The most instructive historical parallel may be Meta's 2012 IPO. Priced at $38, it briefly spiked above $40 before tumbling. Within months, the stock had lost roughly half its value, trading as low as $17.55. What drove the collapse? "A lot of the lack of confidence in the stock came from within, because 57% of the shares sold in the IPO were from Facebook insiders".
SpaceX is following the same flawed blueprint but on a far larger scale.
The Liquidity Drain
Perhaps the greatest hidden consequence is the impact on everything else. A $75 billion IPO does not happen in a vacuum. This capital must come from somewhere. Retail investors, who faced a minimum requirement dropped from $25,000 to $2,500, are poised to pour in. But retail tends to get the worst of these structures, buying at the top while insiders exit.

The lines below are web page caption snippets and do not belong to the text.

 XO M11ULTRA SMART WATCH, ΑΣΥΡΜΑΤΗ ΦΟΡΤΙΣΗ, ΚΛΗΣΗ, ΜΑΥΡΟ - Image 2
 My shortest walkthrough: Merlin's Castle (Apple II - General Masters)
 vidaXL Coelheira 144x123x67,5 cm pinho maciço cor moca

Meanwhile, existing positions in stocks, cryptocurrencies, and high-beta tech will be sold to free up capital for SPCX. The broader market may not even realize it is being harvested until after the fact.

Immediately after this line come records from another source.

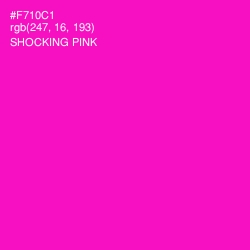 #F710C1 - Shocking Pink Color Image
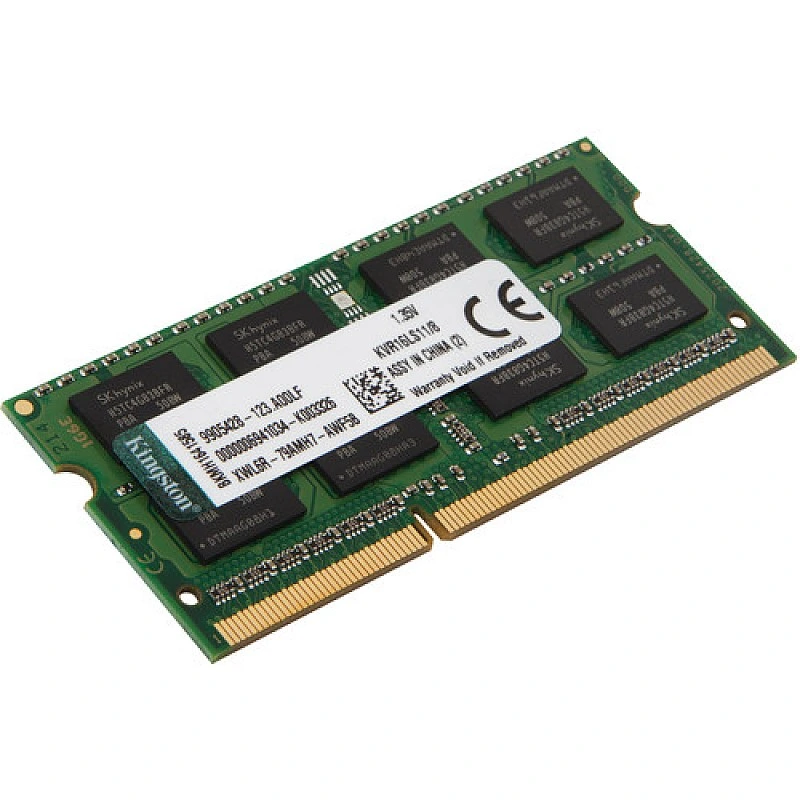 Kingston DDR3L-1600 8GB SO-DIMM, KVR16LS11/8WP - K-D-KVR16LS11/8WP RAM ｜ 衍光HinKwong 香港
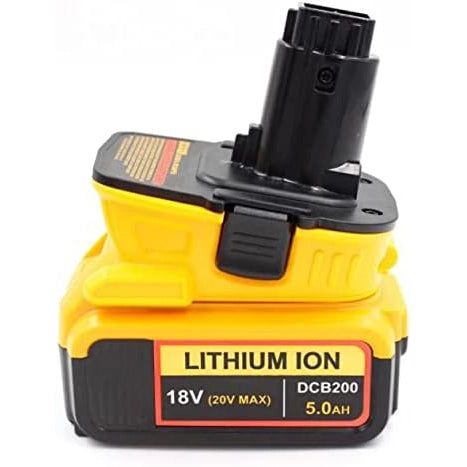 Adattatore per Batteria Dewalt DCA1820 – Compatibile con Utensili 18V NiCad/NiMh e Batterie 20V Li-Ion
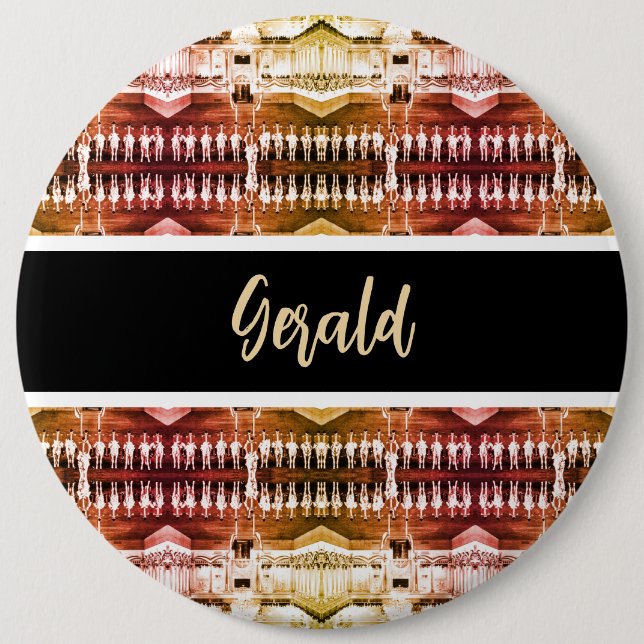 Vintage Österrike Wien Spansk Courbette Knapp (Framsida)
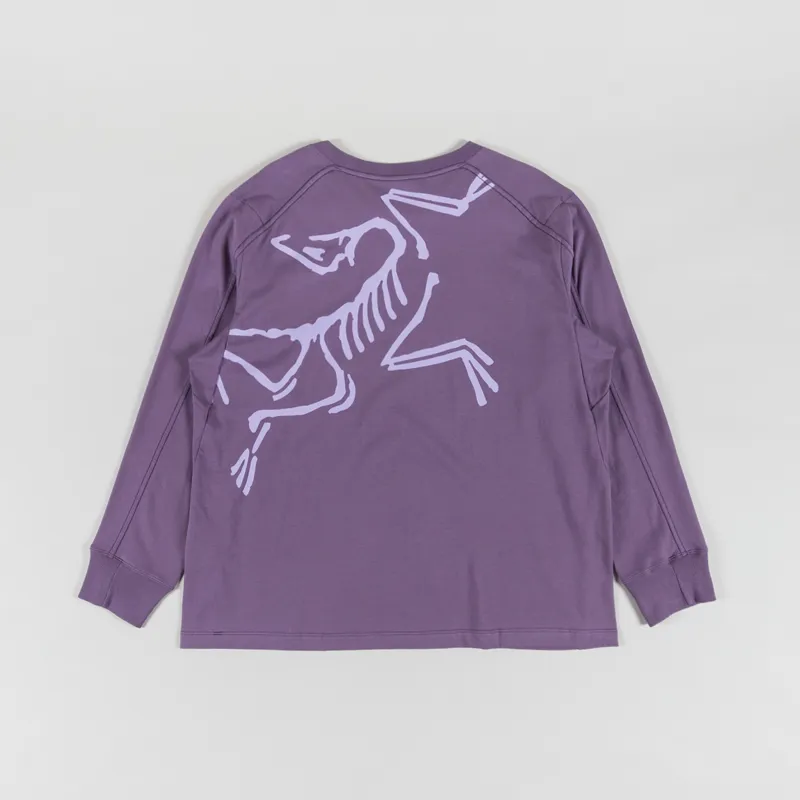 Arc'teryx Womens Kragg Cotton Bird Long Sleeve T Shirt Light Moondrop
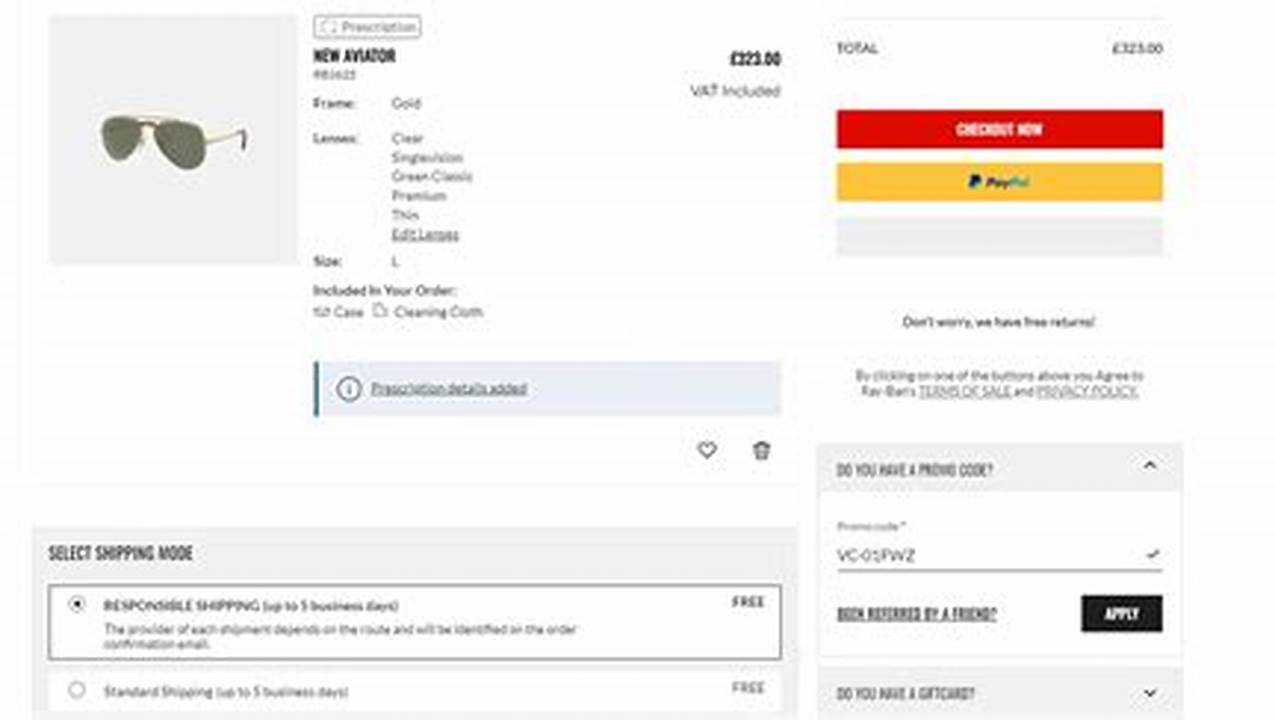 Ray Ban Coupon Code 2024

The Enzac Assessment: Patience Is the Better Trade
SpaceX may indeed become a $5 trillion company in time. But the path from its IPO to that valuation is almost certainly not a straight line upward. The first 6 to 12 months of being public will reveal the true story as quarterly reports expose the weight of xAI's losses and the deceleration of Starlink's growth.
The best trade is no trade, at least for now. A wider market pullback remains possible, which would not help any public company's price action. Waiting for an entry closer to $80-$90 per share may prove prudent, with an ideal range even lower. Let others chase the narrative. Watch the filings, the lockup expirations, the index inclusion dynamics, and the quarterly numbers.
This is not a story of innovation versus stagnation. It is a story of structure versus narrative. And the structure suggests that patience will be rewarded.